I came up with the following solution. I get 1 point with probability (1/6), 2 points with probability (1/12), 3 points with probability (1/24), and so on.
So then the EV is: $\frac{1}{6}\sum_{n = 0}^\infty \frac{1}{2}^n \times (n+1)$
Two question: how do I actually evaluate that sum, and second how can I set up a recursive equation to solve the problem. It seemed like recursion would be easier but I couldn't set up the equation properly
You can do the sum using the differentiation trick $$ \frac{1}{6}\sum_{n=0}^\infty (n+1)x^{n} = \frac{1}{6}\frac{d}{dx}\sum_{n=0}^\infty x^{n+1} = \frac{1}{6} \frac{d}{dx} \frac{x}{1-x} = \frac{1}{6}\frac{1}{(1-x)^2}.$$ Plugging in $x=1/2$ gives an answer of $2/3.$
As for recursion, this is trickier.

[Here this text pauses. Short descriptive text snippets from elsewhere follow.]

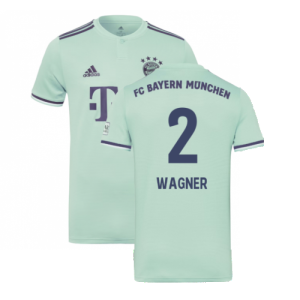 Bayern Munich 2018-19 Away Shirt (Excellent) (Wagner 2)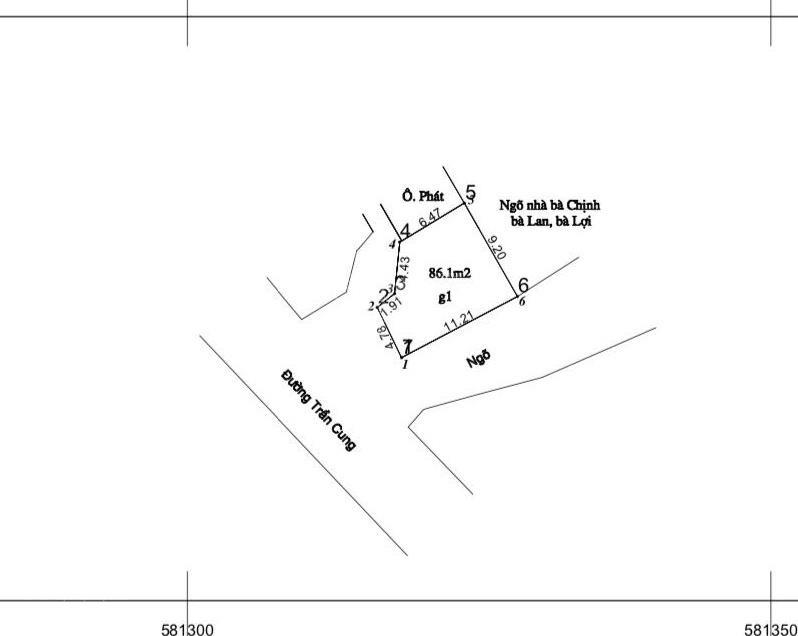 Cực rẻ  bán nhà mặt phố khu hoàng quốc việt 85m2 giá 24,5 tỷ  nhà lô góc  kinh doanh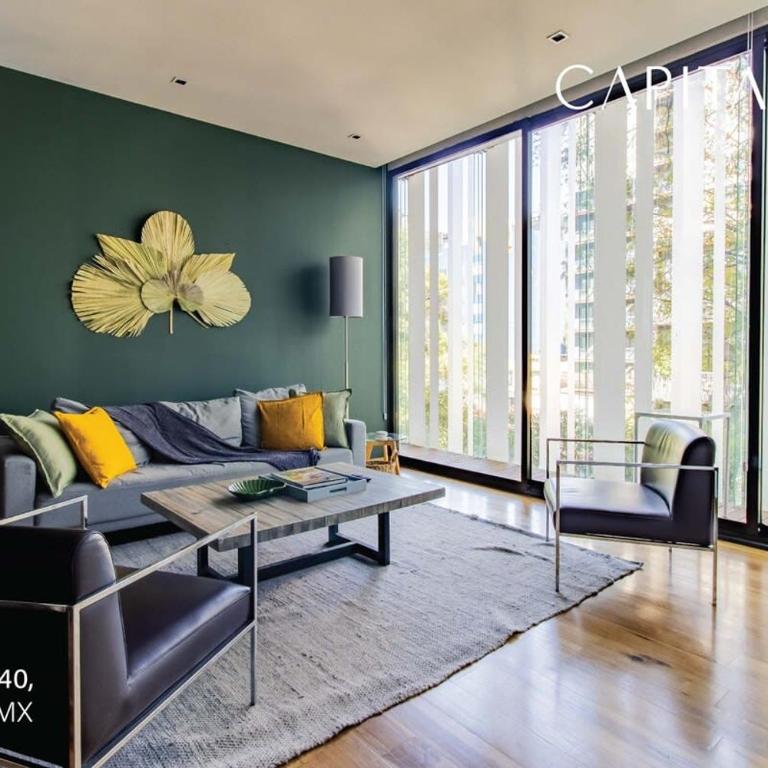 Capitalia Temistocles Polanco 2BR Security - Apartment - 25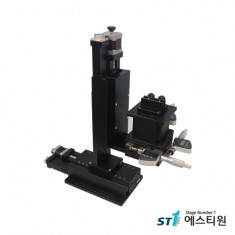 XZ-Motorized System / XYZ Digimatic Micro Stage [ST-XZM-1515]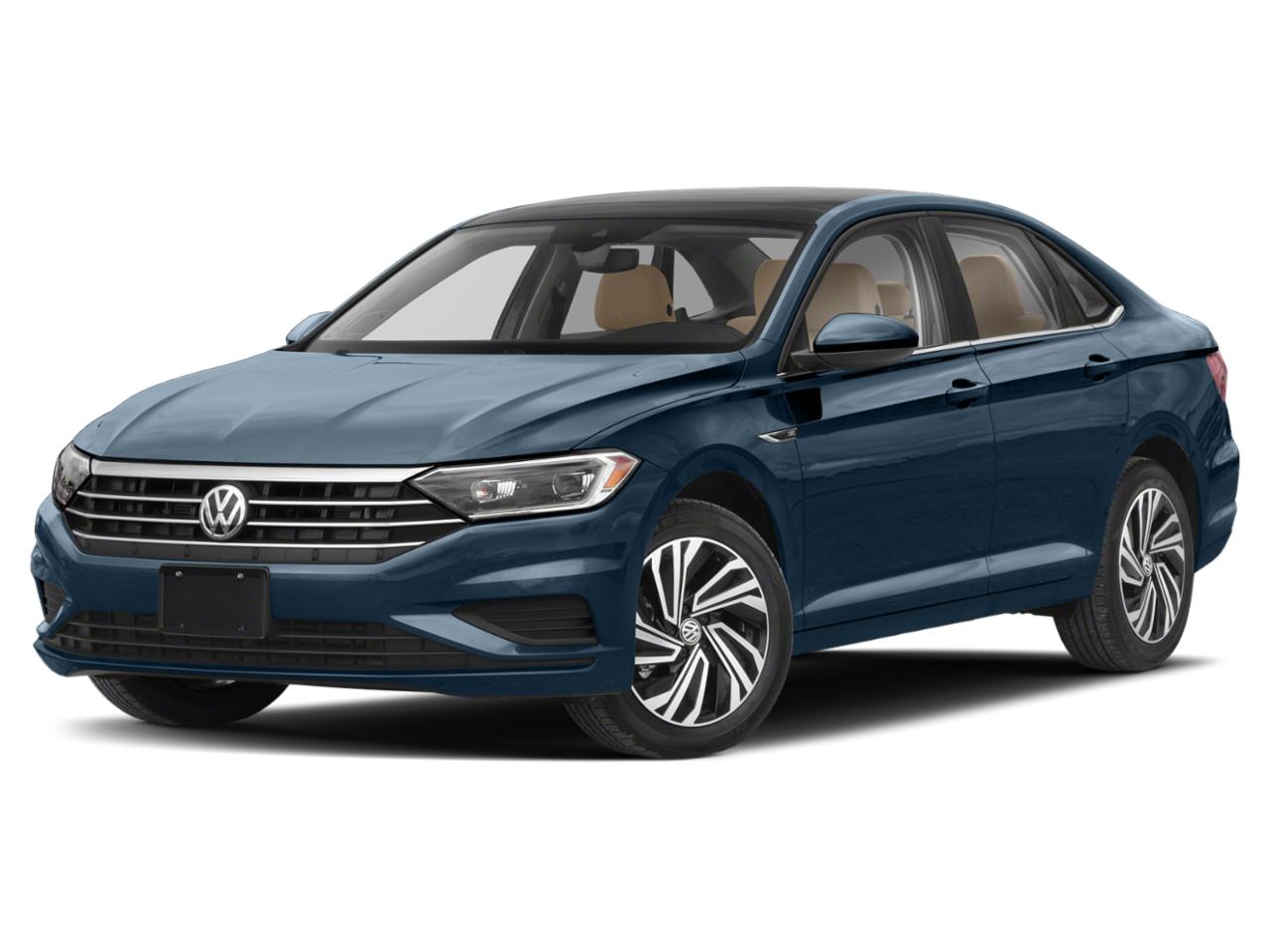 2020 Volkswagen Jetta Vehicle Photo in MEDINA, OH 44256-9631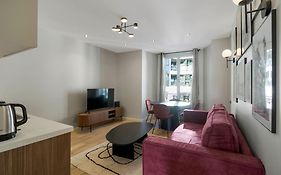 41.Appart 4Pers#1 Bedroom #Pere Lachaise #Nation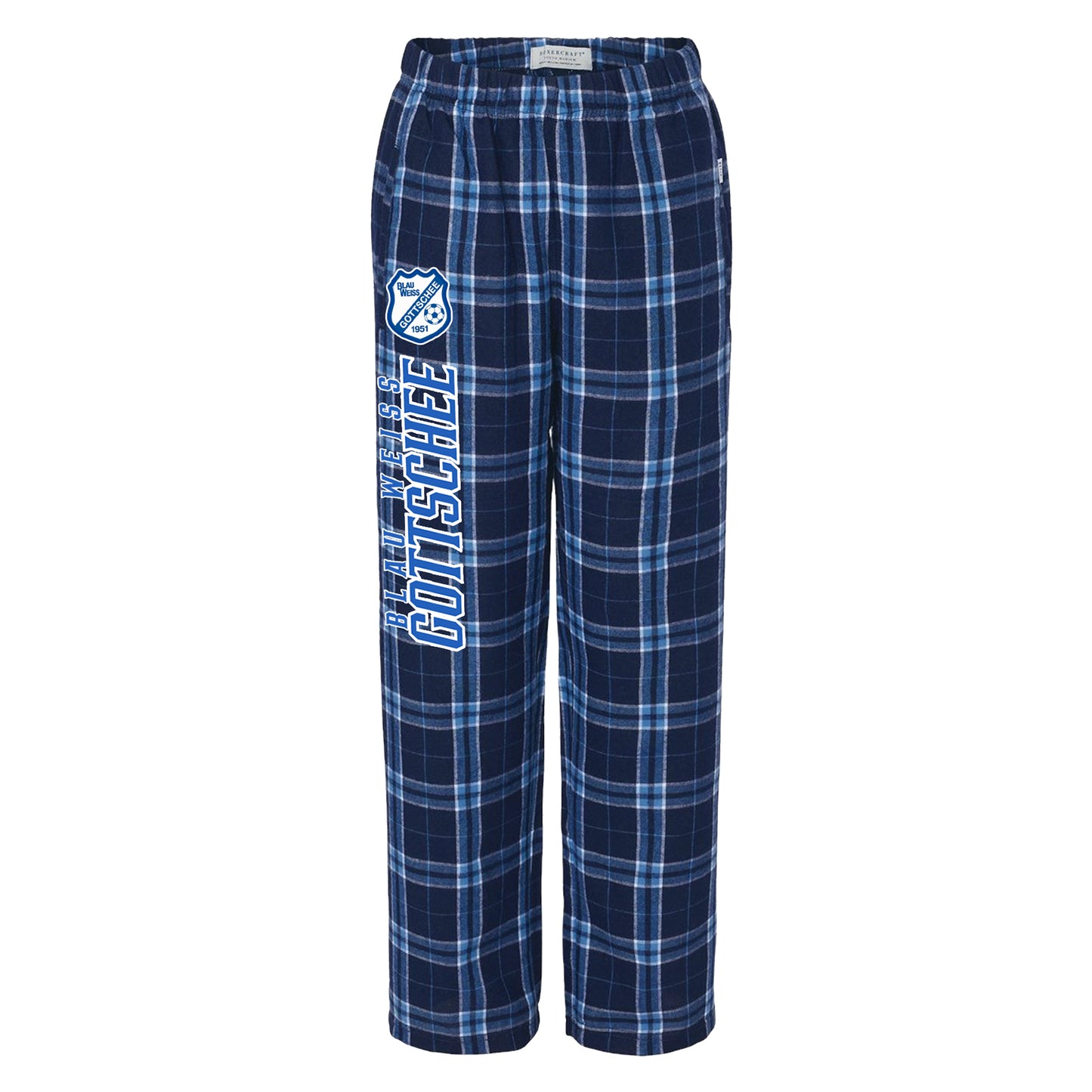 BW Gottschee | Boxercraft® Flannel Pajama Pant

The probability the game ends on a six is $1/3$ by symmetry since it is the probability you roll a six before you roll a four or five. So we may work in an imaginary world where sixes never occur. Let $V$ be the value of the game. We have a $3/5$ chance of landing on a one, two or three, in which case we gain one point and continuation. Otherwise, if we land on $4$ or $5,$ we gain nothing. The recursive equation is that $$V = \frac{3}{5}(\frac{2}{3}V+1)$$ (where the $2/3$ on the inner $V$ is to cut the continuation value to take into account the possibility of landing on a six) so that $V = 1,$ which we then multiply by $2/3$ to take into account the sixes, and get the answer of $2/3.$